[[ EXTRACTED ENTRIES open ]]

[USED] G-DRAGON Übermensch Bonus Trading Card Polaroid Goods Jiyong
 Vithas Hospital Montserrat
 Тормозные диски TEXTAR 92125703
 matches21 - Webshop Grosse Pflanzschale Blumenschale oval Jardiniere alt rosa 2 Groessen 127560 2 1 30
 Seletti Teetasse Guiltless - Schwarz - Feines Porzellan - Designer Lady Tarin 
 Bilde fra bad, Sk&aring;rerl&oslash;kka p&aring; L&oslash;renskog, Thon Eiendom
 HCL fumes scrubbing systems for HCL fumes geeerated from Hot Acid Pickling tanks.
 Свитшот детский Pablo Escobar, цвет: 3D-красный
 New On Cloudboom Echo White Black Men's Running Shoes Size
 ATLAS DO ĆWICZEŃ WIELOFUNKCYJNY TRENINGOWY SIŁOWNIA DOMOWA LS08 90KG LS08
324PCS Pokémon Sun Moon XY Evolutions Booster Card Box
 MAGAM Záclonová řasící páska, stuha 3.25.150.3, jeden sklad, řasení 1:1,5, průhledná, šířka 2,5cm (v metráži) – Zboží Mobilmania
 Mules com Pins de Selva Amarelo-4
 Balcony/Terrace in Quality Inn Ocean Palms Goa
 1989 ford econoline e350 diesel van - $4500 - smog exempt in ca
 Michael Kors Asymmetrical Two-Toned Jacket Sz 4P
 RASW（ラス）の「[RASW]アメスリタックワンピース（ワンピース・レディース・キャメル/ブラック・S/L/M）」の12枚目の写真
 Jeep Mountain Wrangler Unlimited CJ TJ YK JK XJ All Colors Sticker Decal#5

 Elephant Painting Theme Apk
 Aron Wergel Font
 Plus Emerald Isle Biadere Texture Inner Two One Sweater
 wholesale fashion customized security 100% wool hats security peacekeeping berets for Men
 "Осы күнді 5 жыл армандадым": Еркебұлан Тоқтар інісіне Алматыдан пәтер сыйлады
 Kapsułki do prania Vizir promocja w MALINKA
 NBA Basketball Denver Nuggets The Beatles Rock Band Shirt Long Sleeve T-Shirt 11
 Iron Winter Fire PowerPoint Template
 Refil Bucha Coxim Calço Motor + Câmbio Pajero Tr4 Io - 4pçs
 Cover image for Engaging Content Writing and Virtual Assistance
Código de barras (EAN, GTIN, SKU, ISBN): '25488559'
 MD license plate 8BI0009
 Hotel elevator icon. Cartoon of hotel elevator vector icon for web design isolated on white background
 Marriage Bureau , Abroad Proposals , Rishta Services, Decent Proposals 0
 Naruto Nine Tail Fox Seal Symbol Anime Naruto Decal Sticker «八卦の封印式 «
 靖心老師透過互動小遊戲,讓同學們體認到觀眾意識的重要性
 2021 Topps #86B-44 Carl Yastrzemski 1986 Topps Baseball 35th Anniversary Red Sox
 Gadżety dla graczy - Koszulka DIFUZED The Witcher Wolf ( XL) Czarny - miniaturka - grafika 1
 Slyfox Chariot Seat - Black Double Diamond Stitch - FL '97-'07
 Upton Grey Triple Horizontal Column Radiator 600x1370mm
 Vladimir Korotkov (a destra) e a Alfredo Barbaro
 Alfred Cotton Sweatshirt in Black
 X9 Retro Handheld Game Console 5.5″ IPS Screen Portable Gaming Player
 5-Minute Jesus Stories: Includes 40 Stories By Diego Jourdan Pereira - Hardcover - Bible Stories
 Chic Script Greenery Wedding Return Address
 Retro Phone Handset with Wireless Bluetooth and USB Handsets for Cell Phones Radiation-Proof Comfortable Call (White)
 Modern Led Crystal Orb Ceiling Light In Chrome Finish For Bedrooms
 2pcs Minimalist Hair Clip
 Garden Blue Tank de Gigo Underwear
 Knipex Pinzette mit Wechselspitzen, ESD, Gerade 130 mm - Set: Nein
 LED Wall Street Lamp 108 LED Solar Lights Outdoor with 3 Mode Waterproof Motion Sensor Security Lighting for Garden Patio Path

[[ EXTRACTED ENTRIES closed ]]

TASK TO COMPLETE: Locate the word "Card" in the records and collect each line it appears in.

ANSWER FOR THIS EXERCISE:
[USED] G-DRAGON Übermensch Bonus Trading Card Polaroid Goods Jiyong
324PCS Pokémon Sun Moon XY Evolutions Booster Card Box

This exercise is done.